Thread: How to find entries missing in 2nd table?

How to find entries missing in 2nd table?

From
alex-lists-pgsql@yuriev.com
Date:
Hi,I realize I probably lost my marbles but I've been having a god
awful time with a single query:

control:........controller_id    pk;


datapack:
controller_id    fk;............

I need to get all entries from the table control that are not listed in
datapack.


Thanks,
Alex


Re: How to find entries missing in 2nd table?

From
Richard Broersma Jr
Date:
> Hi,
>     I realize I probably lost my marbles but I've been having a god
> awful time with a single query:
> 
> control:
>     ....
>     ....
>     controller_id    pk;
> 
> 
> datapack:
> 
>     controller_id    fk;
>     ....
>     ....
>     ....
> 
> I need to get all entries from the table control that are not listed in
> datapack.

SELECT C.CONTROLLER_ID

FROM CONTROL AS C  LEFT JOIN DATAPACK AS D ON ( C.CONTROLLER_ID = D.CONTROLLER_ID)

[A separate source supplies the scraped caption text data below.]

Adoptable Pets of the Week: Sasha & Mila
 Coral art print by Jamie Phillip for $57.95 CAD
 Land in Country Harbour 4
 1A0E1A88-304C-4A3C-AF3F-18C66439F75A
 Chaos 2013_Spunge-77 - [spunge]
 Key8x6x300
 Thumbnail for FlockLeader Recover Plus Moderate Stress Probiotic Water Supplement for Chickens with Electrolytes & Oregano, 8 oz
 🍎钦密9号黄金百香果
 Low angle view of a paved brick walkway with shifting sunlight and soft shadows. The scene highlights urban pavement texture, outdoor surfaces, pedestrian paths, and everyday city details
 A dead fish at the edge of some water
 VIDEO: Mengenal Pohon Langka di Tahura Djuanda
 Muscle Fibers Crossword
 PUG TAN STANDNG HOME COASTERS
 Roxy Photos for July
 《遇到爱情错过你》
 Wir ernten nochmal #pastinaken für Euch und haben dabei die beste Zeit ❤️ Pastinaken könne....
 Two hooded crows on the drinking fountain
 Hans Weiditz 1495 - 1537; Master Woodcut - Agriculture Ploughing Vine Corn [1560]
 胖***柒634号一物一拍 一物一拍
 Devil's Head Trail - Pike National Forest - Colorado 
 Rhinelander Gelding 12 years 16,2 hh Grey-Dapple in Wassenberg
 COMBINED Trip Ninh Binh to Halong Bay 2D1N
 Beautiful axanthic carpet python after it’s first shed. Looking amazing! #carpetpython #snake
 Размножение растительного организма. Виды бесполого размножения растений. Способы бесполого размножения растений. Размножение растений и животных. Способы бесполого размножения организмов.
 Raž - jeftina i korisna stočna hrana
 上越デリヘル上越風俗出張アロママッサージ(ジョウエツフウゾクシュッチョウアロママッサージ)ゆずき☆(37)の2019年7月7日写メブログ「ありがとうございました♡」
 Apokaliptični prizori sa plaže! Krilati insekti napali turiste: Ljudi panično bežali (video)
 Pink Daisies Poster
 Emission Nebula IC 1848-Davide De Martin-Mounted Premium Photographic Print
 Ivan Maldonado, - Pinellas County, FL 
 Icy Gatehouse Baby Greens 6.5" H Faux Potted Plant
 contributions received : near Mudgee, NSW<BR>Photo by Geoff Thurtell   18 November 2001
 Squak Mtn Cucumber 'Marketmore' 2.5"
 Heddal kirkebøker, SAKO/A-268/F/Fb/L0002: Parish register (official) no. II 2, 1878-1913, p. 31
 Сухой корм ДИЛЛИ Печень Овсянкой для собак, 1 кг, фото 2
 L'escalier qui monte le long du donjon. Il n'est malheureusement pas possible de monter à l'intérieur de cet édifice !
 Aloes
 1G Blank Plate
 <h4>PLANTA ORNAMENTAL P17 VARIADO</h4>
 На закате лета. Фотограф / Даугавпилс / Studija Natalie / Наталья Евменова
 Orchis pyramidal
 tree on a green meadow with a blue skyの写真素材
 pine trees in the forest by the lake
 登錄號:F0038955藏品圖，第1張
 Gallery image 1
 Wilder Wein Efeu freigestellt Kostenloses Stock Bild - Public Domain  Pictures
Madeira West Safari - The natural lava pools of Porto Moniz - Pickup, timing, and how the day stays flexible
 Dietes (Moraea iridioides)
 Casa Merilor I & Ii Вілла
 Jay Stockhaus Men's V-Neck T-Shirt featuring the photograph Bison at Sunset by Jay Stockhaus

WHERE D.CONTROLLER_ID IS NULL;

Regards,

Richard Broersma Jr.   


Re: How to find entries missing in 2nd table?

From
Scott Marlowe
Date:
On Tue, 2006-07-11 at 09:19, alex-lists-pgsql@yuriev.com wrote:
> Hi,
>     I realize I probably lost my marbles but I've been having a god
> awful time with a single query:
> 
> control:
>     ....
>     ....
>     controller_id    pk;
> 
> 
> datapack:
> 
>     controller_id    fk;
>     ....
>     ....
>     ....
> 
> I need to get all entries from the table control that are not listed in
> datapack.

OK, this is a pretty common problem.  Easy solution is left join / null.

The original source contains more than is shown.